Start of Block
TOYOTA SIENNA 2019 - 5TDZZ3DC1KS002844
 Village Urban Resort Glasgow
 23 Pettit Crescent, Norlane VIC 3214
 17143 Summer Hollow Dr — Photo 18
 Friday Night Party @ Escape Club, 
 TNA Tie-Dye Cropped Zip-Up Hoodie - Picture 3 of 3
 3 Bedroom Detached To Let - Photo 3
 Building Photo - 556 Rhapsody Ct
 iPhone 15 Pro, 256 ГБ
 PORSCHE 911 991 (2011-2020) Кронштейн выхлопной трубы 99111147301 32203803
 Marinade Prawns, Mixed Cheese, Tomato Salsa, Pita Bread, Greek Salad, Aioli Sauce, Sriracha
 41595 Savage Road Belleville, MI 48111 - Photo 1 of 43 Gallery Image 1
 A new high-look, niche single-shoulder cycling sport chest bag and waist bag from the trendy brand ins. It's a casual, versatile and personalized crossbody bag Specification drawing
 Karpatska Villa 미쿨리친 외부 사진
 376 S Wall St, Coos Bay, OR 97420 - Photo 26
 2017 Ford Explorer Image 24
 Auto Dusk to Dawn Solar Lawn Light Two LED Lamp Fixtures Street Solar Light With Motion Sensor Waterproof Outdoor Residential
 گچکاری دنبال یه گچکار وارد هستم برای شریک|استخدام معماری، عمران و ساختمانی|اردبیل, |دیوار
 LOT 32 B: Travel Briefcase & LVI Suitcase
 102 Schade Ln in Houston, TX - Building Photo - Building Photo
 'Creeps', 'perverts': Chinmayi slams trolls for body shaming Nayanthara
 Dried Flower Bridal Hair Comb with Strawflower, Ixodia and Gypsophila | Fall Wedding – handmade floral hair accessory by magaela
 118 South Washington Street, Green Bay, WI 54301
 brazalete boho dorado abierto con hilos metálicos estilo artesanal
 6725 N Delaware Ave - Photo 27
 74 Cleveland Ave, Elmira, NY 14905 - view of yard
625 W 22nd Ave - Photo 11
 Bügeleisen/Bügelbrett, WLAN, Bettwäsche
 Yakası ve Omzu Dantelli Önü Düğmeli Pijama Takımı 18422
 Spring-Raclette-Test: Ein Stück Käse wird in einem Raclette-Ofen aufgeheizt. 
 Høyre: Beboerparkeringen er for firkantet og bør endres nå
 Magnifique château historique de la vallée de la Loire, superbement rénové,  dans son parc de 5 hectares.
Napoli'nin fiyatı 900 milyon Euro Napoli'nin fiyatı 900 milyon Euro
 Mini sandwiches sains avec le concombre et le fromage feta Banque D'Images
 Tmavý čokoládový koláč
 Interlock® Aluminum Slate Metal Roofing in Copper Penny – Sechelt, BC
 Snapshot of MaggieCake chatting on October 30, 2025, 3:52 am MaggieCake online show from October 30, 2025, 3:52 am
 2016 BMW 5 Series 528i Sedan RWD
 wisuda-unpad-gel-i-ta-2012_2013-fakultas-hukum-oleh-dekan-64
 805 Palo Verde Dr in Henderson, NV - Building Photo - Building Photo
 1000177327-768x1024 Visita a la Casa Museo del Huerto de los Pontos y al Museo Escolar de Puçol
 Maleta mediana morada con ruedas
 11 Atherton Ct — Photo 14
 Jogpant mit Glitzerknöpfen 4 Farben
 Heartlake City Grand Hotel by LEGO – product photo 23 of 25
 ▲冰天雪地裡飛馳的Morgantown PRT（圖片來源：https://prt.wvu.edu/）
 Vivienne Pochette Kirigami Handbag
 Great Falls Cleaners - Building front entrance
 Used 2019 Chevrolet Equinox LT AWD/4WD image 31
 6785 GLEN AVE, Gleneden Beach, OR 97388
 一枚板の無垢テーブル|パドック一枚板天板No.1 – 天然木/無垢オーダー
End of Block
▶ **DIRECTIONS FOR THIS TASK**
All of the records above are to be printed again exactly as they appear.

▶ **SOLUTION TO THE PROBLEM**
TOYOTA SIENNA 2019 - 5TDZZ3DC1KS002844
 Village Urban Resort Glasgow
 23 Pettit Crescent, Norlane VIC 3214
 17143 Summer Hollow Dr — Photo 18
 Friday Night Party @ Escape Club, 
 TNA Tie-Dye Cropped Zip-Up Hoodie - Picture 3 of 3
 3 Bedroom Detached To Let - Photo 3
 Building Photo - 556 Rhapsody Ct
 iPhone 15 Pro, 256 ГБ
 PORSCHE 911 991 (2011-2020) Кронштейн выхлопной трубы 99111147301 32203803
 Marinade Prawns, Mixed Cheese, Tomato Salsa, Pita Bread, Greek Salad, Aioli Sauce, Sriracha
 41595 Savage Road Belleville, MI 48111 - Photo 1 of 43 Gallery Image 1
 A new high-look, niche single-shoulder cycling sport chest bag and waist bag from the trendy brand ins. It's a casual, versatile and personalized crossbody bag Specification drawing
 Karpatska Villa 미쿨리친 외부 사진
 376 S Wall St, Coos Bay, OR 97420 - Photo 26
 2017 Ford Explorer Image 24
 Auto Dusk to Dawn Solar Lawn Light Two LED Lamp Fixtures Street Solar Light With Motion Sensor Waterproof Outdoor Residential
 گچکاری دنبال یه گچکار وارد هستم برای شریک|استخدام معماری، عمران و ساختمانی|اردبیل, |دیوار
 LOT 32 B: Travel Briefcase & LVI Suitcase
 102 Schade Ln in Houston, TX - Building Photo - Building Photo
 'Creeps', 'perverts': Chinmayi slams trolls for body shaming Nayanthara
 Dried Flower Bridal Hair Comb with Strawflower, Ixodia and Gypsophila | Fall Wedding – handmade floral hair accessory by magaela
 118 South Washington Street, Green Bay, WI 54301
 brazalete boho dorado abierto con hilos metálicos estilo artesanal
 6725 N Delaware Ave - Photo 27
 74 Cleveland Ave, Elmira, NY 14905 - view of yard
625 W 22nd Ave - Photo 11
 Bügeleisen/Bügelbrett, WLAN, Bettwäsche
 Yakası ve Omzu Dantelli Önü Düğmeli Pijama Takımı 18422
 Spring-Raclette-Test: Ein Stück Käse wird in einem Raclette-Ofen aufgeheizt. 
 Høyre: Beboerparkeringen er for firkantet og bør endres nå
 Magnifique château historique de la vallée de la Loire, superbement rénové,  dans son parc de 5 hectares.
Napoli'nin fiyatı 900 milyon Euro Napoli'nin fiyatı 900 milyon Euro
 Mini sandwiches sains avec le concombre et le fromage feta Banque D'Images
 Tmavý čokoládový koláč
 Interlock® Aluminum Slate Metal Roofing in Copper Penny – Sechelt, BC
 Snapshot of MaggieCake chatting on October 30, 2025, 3:52 am MaggieCake online show from October 30, 2025, 3:52 am
 2016 BMW 5 Series 528i Sedan RWD
 wisuda-unpad-gel-i-ta-2012_2013-fakultas-hukum-oleh-dekan-64
 805 Palo Verde Dr in Henderson, NV - Building Photo - Building Photo
 1000177327-768x1024 Visita a la Casa Museo del Huerto de los Pontos y al Museo Escolar de Puçol
 Maleta mediana morada con ruedas
 11 Atherton Ct — Photo 14
 Jogpant mit Glitzerknöpfen 4 Farben
 Heartlake City Grand Hotel by LEGO – product photo 23 of 25
 ▲冰天雪地裡飛馳的Morgantown PRT（圖片來源：https://prt.wvu.edu/）
 Vivienne Pochette Kirigami Handbag
 Great Falls Cleaners - Building front entrance
 Used 2019 Chevrolet Equinox LT AWD/4WD image 31
 6785 GLEN AVE, Gleneden Beach, OR 97388
 一枚板の無垢テーブル|パドック一枚板天板No.1 – 天然木/無垢オーダー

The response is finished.